### Dataset section
++++++

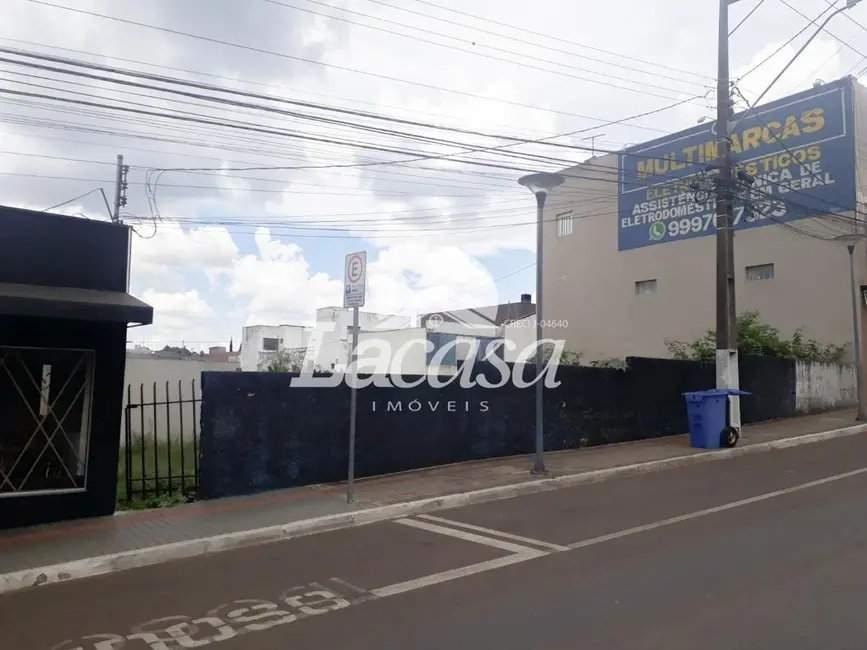 Foto 2 de Terreno / Lote para alugar, 600m2 em Centro, Guarapuava - PR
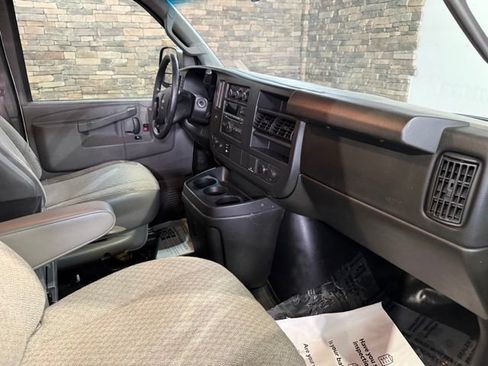 Used 2016 GMC Savana 2500 RWD image 25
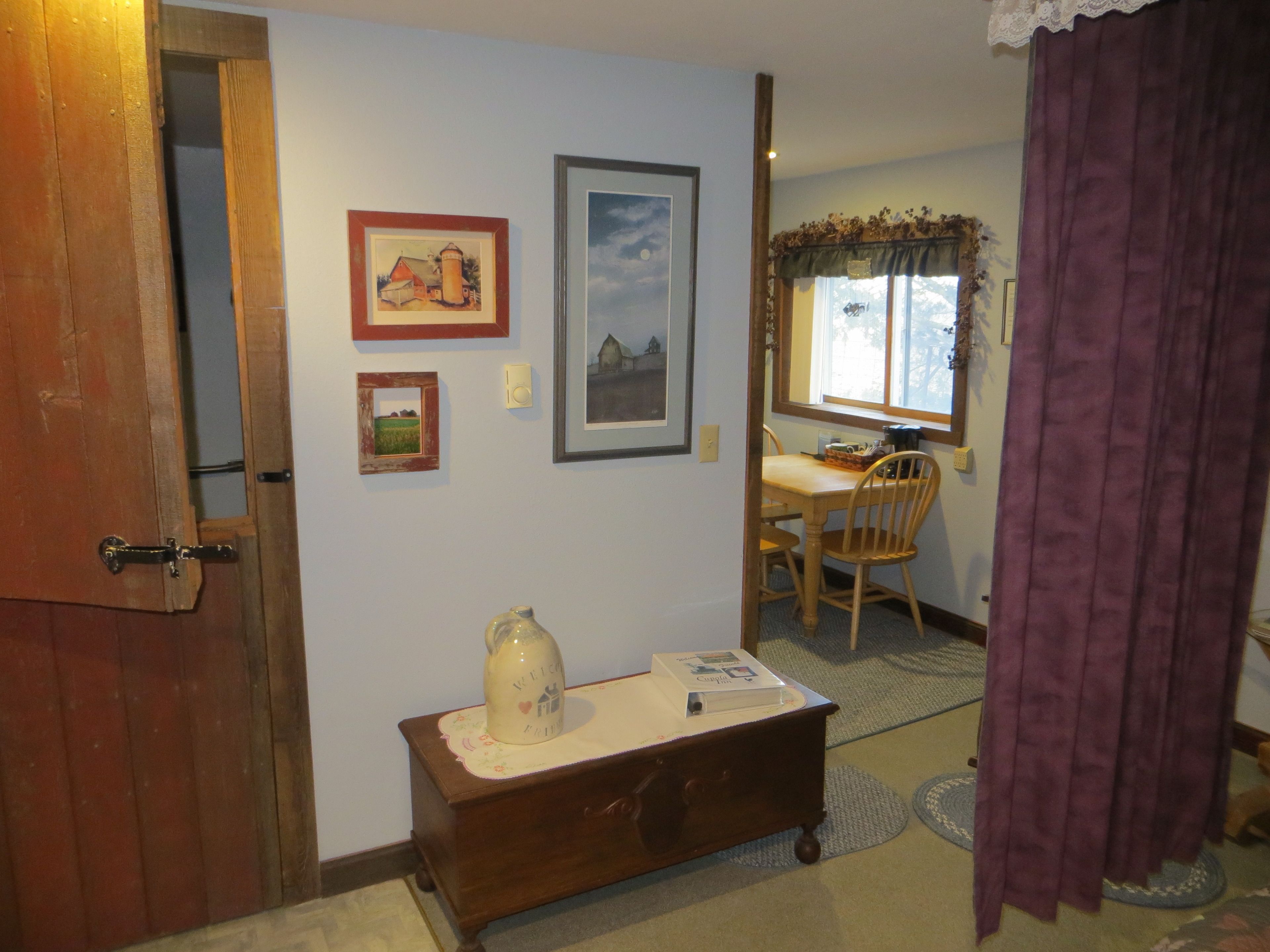 Standard Room, 1 Queen Bed (Cupola) | Desk, free rollaway beds, bed sheets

++++++

### Problem to work on
Give an exact copy of the data, and omit any pictures it holds.

### Result of the exercise
 Foto 2 de Terreno / Lote para alugar, 600m2 em Centro, Guarapuava - PR
 Used 2016 GMC Savana 2500 RWD image 25
 Standard Room, 1 Queen Bed (Cupola) | Desk, free rollaway beds, bed sheets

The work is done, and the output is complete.